Helene Liebmann's compositions include two sets of songs, several sonatas and other piano works, two violin sonatas, two piano trios and a piano quartet - the piano is present in all of her works. During her Berlin period, piano sonatas and songs predominated. The focus of her London period was on chamber music. A total of about 20 printed works have survived, which she wrote within seven years.

Her musical style owes much to Mozart and Haydn. The Piano Trio in A major is one of two "Grand Trios" written by Helene Liebmann - there is another one in D major, probably from the same year (1816). The whole piece is full of grace and very evocative of its time.

Find it on YouTube: https://youtu.be/FuE2SLAZ5c8


(2) Louise Farrenc, Piano Trio Nr. 1 E flat major Op. 33 (1833-34)

Louise Farrenc (1804-1875) was a composer, virtuoso pianist, and teacher. Farrenc was one of the most successful women composers of the 19th century, and her reputation was such that in 1842 she was appointed professor of piano at the Paris Conservatory, a position she held for thirty years and one of the most prestigious in Europe.

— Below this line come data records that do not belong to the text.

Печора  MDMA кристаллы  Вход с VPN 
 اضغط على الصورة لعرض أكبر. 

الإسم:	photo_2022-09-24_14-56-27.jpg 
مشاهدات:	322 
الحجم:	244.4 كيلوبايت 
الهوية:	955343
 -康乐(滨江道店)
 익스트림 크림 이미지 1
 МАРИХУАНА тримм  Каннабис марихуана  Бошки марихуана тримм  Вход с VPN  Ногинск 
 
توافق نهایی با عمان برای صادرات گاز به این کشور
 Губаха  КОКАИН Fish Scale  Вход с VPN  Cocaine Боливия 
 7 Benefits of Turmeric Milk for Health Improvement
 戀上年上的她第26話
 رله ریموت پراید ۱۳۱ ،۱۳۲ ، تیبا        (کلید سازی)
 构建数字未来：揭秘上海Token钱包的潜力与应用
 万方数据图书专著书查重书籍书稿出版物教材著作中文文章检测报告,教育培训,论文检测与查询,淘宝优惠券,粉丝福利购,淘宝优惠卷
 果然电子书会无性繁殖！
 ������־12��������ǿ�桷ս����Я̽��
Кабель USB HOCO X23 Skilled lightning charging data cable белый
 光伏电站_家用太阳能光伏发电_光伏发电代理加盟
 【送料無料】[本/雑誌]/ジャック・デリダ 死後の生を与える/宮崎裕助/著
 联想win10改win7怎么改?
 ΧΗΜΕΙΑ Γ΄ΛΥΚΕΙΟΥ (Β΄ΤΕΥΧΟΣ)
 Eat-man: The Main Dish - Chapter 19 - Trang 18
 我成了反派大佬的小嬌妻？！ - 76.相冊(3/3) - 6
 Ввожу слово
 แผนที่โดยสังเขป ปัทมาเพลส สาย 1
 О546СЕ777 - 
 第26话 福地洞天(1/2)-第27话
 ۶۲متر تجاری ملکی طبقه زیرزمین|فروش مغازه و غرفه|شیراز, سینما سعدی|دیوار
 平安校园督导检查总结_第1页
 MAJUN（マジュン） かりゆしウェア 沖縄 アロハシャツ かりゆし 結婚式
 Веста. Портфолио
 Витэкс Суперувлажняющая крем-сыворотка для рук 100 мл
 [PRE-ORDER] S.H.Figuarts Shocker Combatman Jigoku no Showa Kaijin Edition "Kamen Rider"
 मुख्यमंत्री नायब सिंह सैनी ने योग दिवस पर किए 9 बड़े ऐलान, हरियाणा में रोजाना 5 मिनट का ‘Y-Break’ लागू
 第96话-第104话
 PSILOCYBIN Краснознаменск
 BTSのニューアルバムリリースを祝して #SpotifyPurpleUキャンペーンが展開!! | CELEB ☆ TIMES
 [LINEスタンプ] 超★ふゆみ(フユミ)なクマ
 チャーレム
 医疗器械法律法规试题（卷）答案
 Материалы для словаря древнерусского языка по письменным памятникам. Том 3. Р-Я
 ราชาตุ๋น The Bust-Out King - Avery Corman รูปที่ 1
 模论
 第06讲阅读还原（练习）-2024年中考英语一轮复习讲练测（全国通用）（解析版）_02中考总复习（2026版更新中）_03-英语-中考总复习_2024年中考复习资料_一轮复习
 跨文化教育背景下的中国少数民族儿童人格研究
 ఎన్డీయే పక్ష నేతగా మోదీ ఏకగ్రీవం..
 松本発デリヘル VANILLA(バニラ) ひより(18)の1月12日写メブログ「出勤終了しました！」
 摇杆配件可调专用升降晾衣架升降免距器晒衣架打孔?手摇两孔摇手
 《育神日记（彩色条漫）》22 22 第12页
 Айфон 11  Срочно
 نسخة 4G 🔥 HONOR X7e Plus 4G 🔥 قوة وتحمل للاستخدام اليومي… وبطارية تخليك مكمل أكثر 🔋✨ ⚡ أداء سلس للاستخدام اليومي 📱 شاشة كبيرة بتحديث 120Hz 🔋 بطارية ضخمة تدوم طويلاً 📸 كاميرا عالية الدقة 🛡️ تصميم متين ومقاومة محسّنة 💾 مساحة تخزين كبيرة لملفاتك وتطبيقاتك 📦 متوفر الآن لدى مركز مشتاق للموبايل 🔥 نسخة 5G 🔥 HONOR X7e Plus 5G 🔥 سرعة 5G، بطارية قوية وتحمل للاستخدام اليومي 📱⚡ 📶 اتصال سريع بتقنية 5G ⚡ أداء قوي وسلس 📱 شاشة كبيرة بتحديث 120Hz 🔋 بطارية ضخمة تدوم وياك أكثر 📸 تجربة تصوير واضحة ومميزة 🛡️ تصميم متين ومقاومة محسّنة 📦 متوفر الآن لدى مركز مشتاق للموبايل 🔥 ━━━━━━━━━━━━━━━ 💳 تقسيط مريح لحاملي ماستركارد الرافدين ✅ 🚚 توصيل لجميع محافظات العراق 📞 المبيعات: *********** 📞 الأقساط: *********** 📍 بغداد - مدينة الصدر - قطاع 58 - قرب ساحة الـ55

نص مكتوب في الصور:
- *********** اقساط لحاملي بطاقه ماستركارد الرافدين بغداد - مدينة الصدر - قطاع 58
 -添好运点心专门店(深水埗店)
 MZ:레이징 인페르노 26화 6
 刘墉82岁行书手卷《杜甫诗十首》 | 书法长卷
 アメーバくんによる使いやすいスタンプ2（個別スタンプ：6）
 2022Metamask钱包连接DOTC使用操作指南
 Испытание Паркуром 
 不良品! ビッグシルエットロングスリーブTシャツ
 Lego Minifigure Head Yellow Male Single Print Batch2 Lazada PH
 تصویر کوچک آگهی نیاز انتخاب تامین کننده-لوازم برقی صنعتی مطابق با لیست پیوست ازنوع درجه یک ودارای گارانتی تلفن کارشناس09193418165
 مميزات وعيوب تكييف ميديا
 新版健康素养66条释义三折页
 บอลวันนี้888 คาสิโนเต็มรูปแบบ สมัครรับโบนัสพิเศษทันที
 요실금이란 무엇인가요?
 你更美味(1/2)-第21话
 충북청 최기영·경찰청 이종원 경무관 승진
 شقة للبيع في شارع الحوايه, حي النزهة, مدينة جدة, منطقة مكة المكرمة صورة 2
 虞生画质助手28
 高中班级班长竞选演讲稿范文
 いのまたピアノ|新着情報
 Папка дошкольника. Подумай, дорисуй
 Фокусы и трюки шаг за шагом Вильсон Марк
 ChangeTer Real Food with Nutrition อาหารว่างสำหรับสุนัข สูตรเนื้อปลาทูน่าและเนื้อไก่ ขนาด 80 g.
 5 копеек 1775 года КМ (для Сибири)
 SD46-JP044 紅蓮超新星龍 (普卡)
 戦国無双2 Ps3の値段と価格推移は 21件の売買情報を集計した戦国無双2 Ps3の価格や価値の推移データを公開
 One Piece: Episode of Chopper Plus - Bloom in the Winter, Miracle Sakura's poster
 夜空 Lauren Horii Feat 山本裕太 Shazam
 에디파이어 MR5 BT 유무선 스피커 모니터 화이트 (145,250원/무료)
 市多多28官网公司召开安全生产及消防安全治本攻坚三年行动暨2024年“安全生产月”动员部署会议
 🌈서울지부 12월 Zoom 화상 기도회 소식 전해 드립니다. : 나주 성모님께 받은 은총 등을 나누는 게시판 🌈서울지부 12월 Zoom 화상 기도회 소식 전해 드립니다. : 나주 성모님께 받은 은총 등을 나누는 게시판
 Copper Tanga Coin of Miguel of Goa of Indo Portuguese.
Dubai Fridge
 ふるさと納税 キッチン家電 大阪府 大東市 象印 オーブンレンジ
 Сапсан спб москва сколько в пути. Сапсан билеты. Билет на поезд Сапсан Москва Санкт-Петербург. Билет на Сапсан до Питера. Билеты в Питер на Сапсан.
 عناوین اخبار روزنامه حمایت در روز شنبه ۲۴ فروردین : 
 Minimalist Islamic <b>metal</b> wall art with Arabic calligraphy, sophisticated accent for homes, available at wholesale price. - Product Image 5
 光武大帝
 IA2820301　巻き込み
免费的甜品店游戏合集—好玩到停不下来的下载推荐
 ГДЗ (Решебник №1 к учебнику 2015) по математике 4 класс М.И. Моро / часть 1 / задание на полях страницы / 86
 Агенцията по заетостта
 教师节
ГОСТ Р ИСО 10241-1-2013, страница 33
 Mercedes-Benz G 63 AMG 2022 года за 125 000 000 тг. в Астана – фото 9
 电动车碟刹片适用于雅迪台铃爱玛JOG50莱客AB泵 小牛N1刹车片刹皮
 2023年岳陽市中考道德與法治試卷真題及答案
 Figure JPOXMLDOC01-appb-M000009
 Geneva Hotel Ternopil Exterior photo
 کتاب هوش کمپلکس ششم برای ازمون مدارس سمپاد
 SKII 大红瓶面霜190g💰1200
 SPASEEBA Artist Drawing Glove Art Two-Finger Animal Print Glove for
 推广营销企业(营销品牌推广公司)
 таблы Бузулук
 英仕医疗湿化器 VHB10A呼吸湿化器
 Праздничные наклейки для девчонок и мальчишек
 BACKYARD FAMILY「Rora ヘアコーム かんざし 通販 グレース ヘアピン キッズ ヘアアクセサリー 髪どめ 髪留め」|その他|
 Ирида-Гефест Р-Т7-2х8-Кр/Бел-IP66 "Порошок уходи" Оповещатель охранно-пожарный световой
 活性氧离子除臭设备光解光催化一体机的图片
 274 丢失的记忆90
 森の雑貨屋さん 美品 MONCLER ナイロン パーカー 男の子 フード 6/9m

Farrenc studied composition with Reicha; her husband, Aristide Farrenc, was a flutist, musicologist, and music publisher. At first, in the 1820s and 1830s, she composed exclusively for the piano. Several of these pieces were highly praised by critics, including Robert Schumann. In the 1830s, she tried her hand at larger compositions for chamber ensemble and orchestra. It was during the 1840s that much of her chamber music was written. While the vast majority of Farrenc's compositions were for piano alone, her chamber music is generally regarded as her best work - it remained of great interest throughout her life. Her symphonies, however, have been recorded in recent years and have also attracted much interest. My previous posts about her were dedicated to her Piano Quintet No. 1 in A minor and her Third Symphony.

She wrote four trios: two piano trios (Trio in E♭, Op. 33, 1841–44; and Trio in D, Op. 34, 1844), a clarinet trio (Trio in E♭, Op. 44, 1854–56, for piano, clarinet and cello) and a flute trio (Trio in E minor, Op. 45, 1854–56, piano, flute and cello).

Listen to the first piano trio in a performance by Tomomi Hori, Klavier, Désirée Pousaz, Violine, & Kaspar Zwicky, Violoncello. There are 4 movements:  I Allegro, II Adagio sostenuto, III Minuetto. Allegro, IV Finale. Vivace.


3. Clara Schumann, Piano Trio in G minor, Op. 17 (1846)

Clara Schumann (1819-1896), born Clara Josephine Wieck, was a pianist and composer when she married the composer Robert Schumann in 1840. Schumann put his own career first and was very much against Clara's wish to continue her career as a pianist - he needed a housewife (in 16 years of marriage Clara gave birth to 8 children (not to mention the miscarriages she also had), so half the time they were married Clara was pregnant).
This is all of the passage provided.